Marazzi MC, Liotta G, Germano P, Guidotti G, Altan AD, Ceffa S, et al. Excessive early mortality in the first year of treatment in HIV type 1-infected patients initiating antiretroviral therapy in resource-limited settings. AIDS Res Hum Retrovirus 2008 March 26; Epub.

Objective

To evaluate risk factors for early mortality in a cohort of patients initiating highly active antiretroviral therapy (HAART)

Study Design

A retrospective cohort study of patients initiating antiretroviral treatment (ART) in the Drug Resource Enhancement against AIDS and Malnutrition (DREAM) program, developed by an Italian faith-based charity for the provision and dissemination of the best available practices in HIV medicine in resource-limited settings

Setting

Patients accessing health care at the DREAM clinics of Benfica, Machava, Polana Caniço, Chokwe, Beira, Quelimane, Mangunde (Mozambique), Lilongwe and Blantyre (Malawi), and Arusha and Iringa (Tanzania)

Participants

Subjects were 3,456 patients (2,078 women and 1,378 men) receiving care at DREAM clinics from January 2003 to December 2005 who met the following criteria: 1) Age greater than 14 years. 2) No pregnancy during the study period. 3) Availability of pre-HAART CD4 cell count and HIV-1 virus load results. 4) At least 180 days of follow-up since HAART initiation for patients on ongoing treatment. 5) Inclusion of all patients with less than 180 days of follow-up since HAART initiation who ceased medical care because of death or loss to follow-up. 6) Indication for starting HAART: clinical or laboratory criteria for initiation of ART, a WHO clinical stage of 3 or 4, and a CD4 cell count of <200 cells/mm3 or between 200 and 350 cells/mm3 if virus load at baseline was >55,000 copies/ml. HAART was indicated according to WHO international guidelines.(1,2)

Methodology

Data were retrospective clinical records accessed by DREAM software with follow-up censored at 1 year after start of HAART (up to 30 June 2006) or at last visit for patients who died or were lost to follow-up. Censoring time was 365 days for more than half of the patients.

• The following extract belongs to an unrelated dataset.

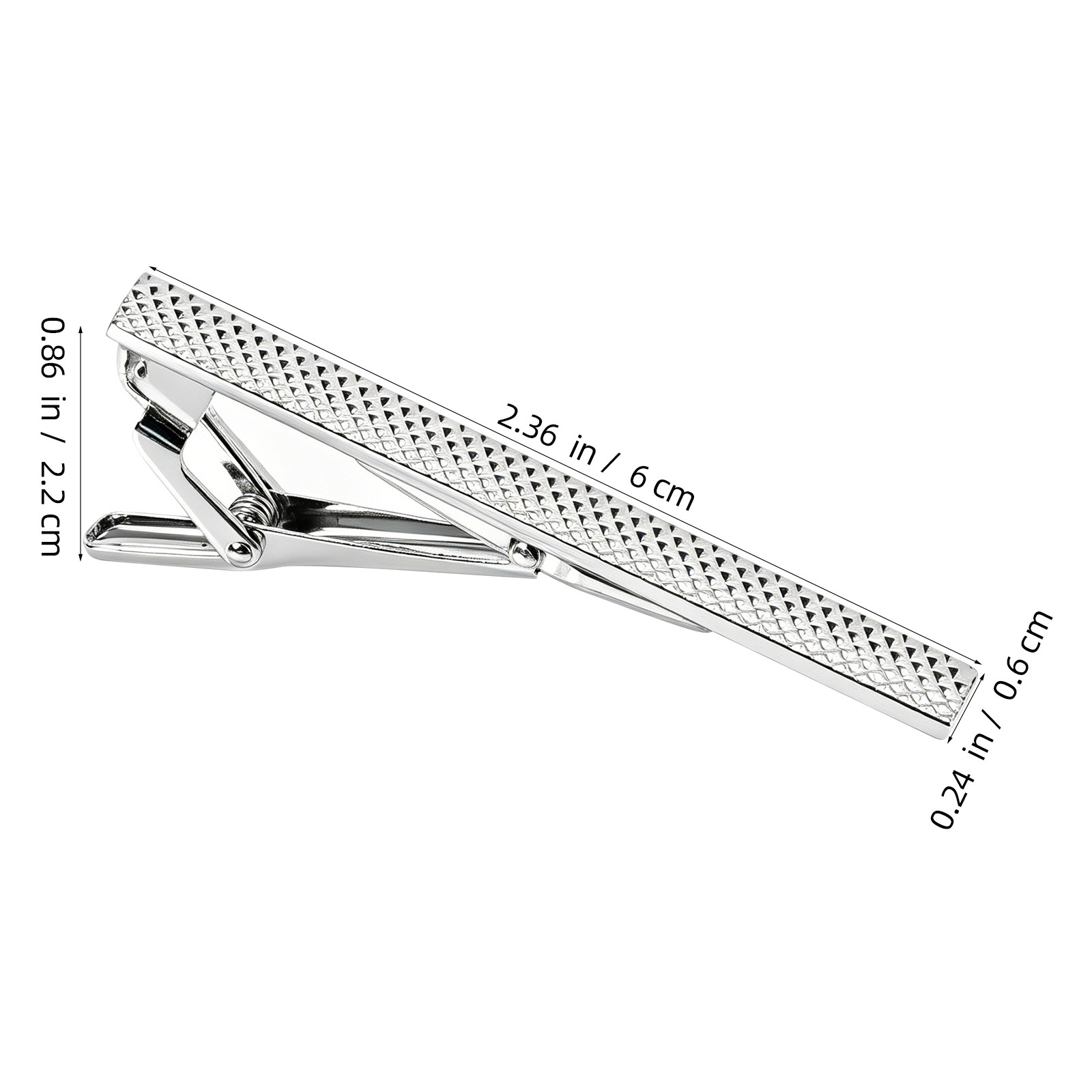 10Pcs Set Penjepit Dasi Logam  - Tie Bar Set Gift ulasan dan harga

Treatment regimens of the retrospectively included patients were based on triple ART containing two nucleoside reverse transcriptase inhibitors (zidovudine and lamivudine or stavudine and lamivudine) and nevirapine. In case of allergy or intolerance to nevirapine, patients were switched to nelfinavir. All centers consistently followed treatment protocols developed by the DREAM program. Patients were actively traced by peer-to-peer educators, who also were patients on treatment, to increase and facilitate adherence to ART and nutritional supplementation. Food packages were delivered periodically to patients with a body mass index (BMI) value of less than 18. Cotrimoxazole use: All patients with CD4 cell counts of <200cells/mm were given cotrimoxazole. Screening for coinfections: Screening for comorbidities at baseline was not routinely performed at the clinics unless patients were symptomatic. If patients presented with symptoms of tuberculosis, screening evaluations included sputum smears and chest X-rays. Laboratory evaluations: Liver function tests and hemoglobin levels at baseline; start of HAART; 4, 8, and 12 weeks post-initiation of treatment and every 3 months thereafter; CD4 cell subsets every 3 months; and virus loads twice a year. The laboratory procedures among the locations were standardized and of high quality.(3) The risk for every single variable was estimated stratified for the dichotomized level of a CD4 cell count (>200 or <200) and pooled using the Mantel-Haentzel procedure. The hazard ratio for time-to-event outcomes, such as death, was estimated using the Cox proportional hazard regression mode. All covariates were included in the model as categorical except for age, which was considered a numeric variable.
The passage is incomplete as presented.